The GBI file, released Tuesday, shows co-workers found six boxes of unprocessed paperwork in director Richard Wheat’s office over spring break, and even more files in his car. Wheat’s boss called the GBI in after subordinates confirmed the backlog of paperwork in his office. Wheat (right) was fired April 30.
The backed-up paperwork included three boxes of unanswered requests for name changes on birth certificates, the GBI’s report shows. Wheat promised a week before his vacation to catch up on the paperwork, but “he had not even scratched the surface” by the time he left town.
While Wheat was away, public health director Dr. Sandra Ford sent staffers to search his office and found even more disturbing documents – unprotected Witness Protection files for about 15 people in the federal program.
The files had been moved from another supervisor’s office two years earlier, after the state had stopped handling Witness Protection cases. “Wheat said he would find out what to do with the files and handle them appropriately, but he never did,” the GBI report said.
The files are now at the U.S. Marshal’s Office, which told investigators it did not believe any witness’s identity had been compromised.
Wheat’s deputy, Romeo Stockett, told the GBI the office had a big problem with case files stopping at the director’s office: “They would just pile up.” Wheat’s secretary said he had never given her a document to file in his two years on the job.
Stockett also told investigators that the office under Wheat had followed a “five-year rule” that allowed people to change their names or alter birth certificates without a court order.

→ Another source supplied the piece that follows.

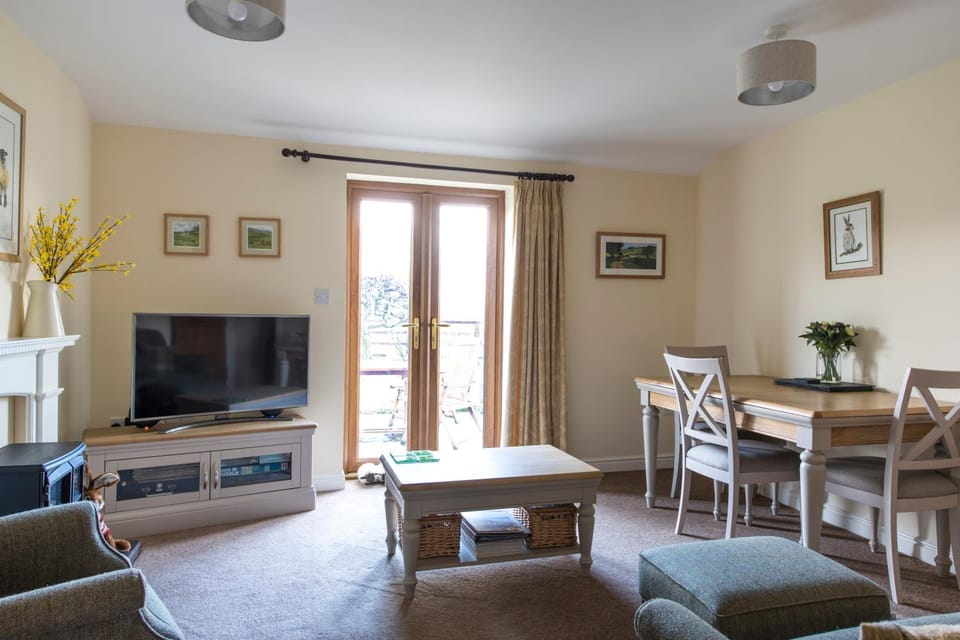 TV and multimedia, Living room, Seating area, Dining area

The rule allowed such changes for people who could provide supporting records from an employer or doctor.
Stockett told GBI investigators that he believed his boss “was in way over his head” — because Wheat had told him so. “Wheat never thought he would even get this job in the first place,” the investigative report says.
Wheat was hired in 2006 from Michigan, where he was a vital records manager for the state.
On his return from vacation April 13, Wheat was suspended with pay. He acknowledged to investigators “that he did not get rid of items very easily. He advised that he was trying to clean up piles of paper on his desk and he was sure that there were some original birth records that were left on his desk.”
In the clutter, investigators said, co-workers found old checks “that were so old they could not be cashed.”
Wheat insisted, however, that a name change still required a court order on his watch. But, the report said, “he could not say for sure” that documents had not been issued under the five-year rule without a court’s permission.
Wheat insisted he had never changed any records for money and had never been asked to. The GBI agreed, determining Wheat had no criminal intent to break the law.
“Stockett advised that Richard Wheat was really a nice guy,” the report said.